RE: trailering without boweye

Hopefully, this link with pictures works for you and illustrates better than my description, above:

RE: trailering without boweye

   Does the painter come through the stem of the bow or is it in the breasthook?  On my skerry, I mounted a cleat on my breasthook to allow for dock lines, tie off an anchor line, etc.  It is also a good tie down for the bow on the trailer.  For something this light, I'm not relying on the bow tiedown except to keep the boat from moving backwards.  It's a piece of braided rope and a cam cleat on one end, going around the bow on either side of the stem, through the cleat, and down to the trailer tongue.  I use two tie down straps, one around the boat at the forward seat and around the trailer and a ratchet strap at the rear where the trailer tiedown brackets are located, to hold the boat down firmly on the roller and bunks so it doesn't bounce.  This is a Trailex trailer like in this photo from this site:

If your painter is removable, I might think about making a short painter with an eye splice, then splice a snap shackle or carabiner (locking!) to my painter extension so I could clip it on, or with it off, use the eye as a bow eye for the trailer.  Just a thought.

RE: trailering without boweye

To clarify, I have a stainless 4" open base horn cleat on my breasthook, and a cam cleat on the end of the tiedown sort of like this.

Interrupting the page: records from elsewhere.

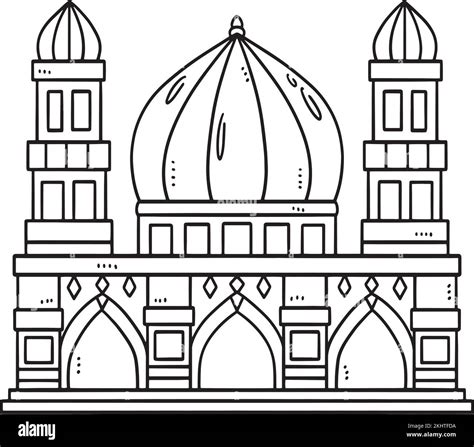 Ramadan Mosque Isolated Coloring Page For Kids Stock Vector Image And Art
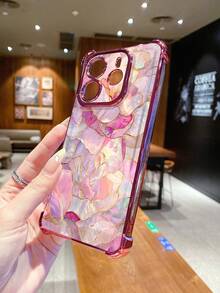 1 件粉色紫色大理石纹防震电镀相机 UV 印花保护手机壳适用于三星/Galaxy/Infinix/Redmi/OPPO/VIVO/Realme 防水防摔防刮 - 粉色 - 查看 4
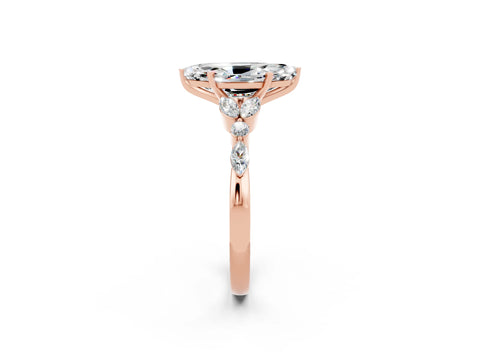Rose gold Marquise Cut Moissanite Solitaire Ring with Side Stones and Four-Prong Setting_14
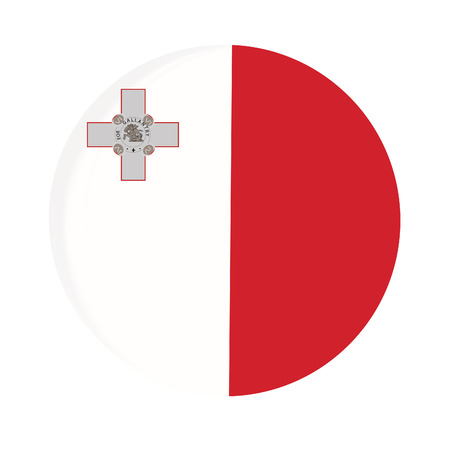 Round malta flag vector icon isolated,malta flag buttonのイラスト素材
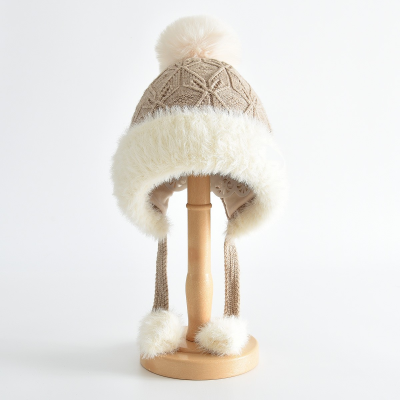 CUSTOM LOGO Kids' Beige Snowflake Knit Faux Fur Trapper Hat with Pom-Poms Kids' Hat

RE: trailering without boweye

   unfortunately my cover for my peapod comes with an ungodly amount of straps that in places awkardly attach to the trailer so I likley will not be doing that at the boat ramp before I pull her up.  Based on how busy it has been in late September- early October next summer is going to be a madhouse, and the faster I can get off the ramp itself the better it will be for everyone. 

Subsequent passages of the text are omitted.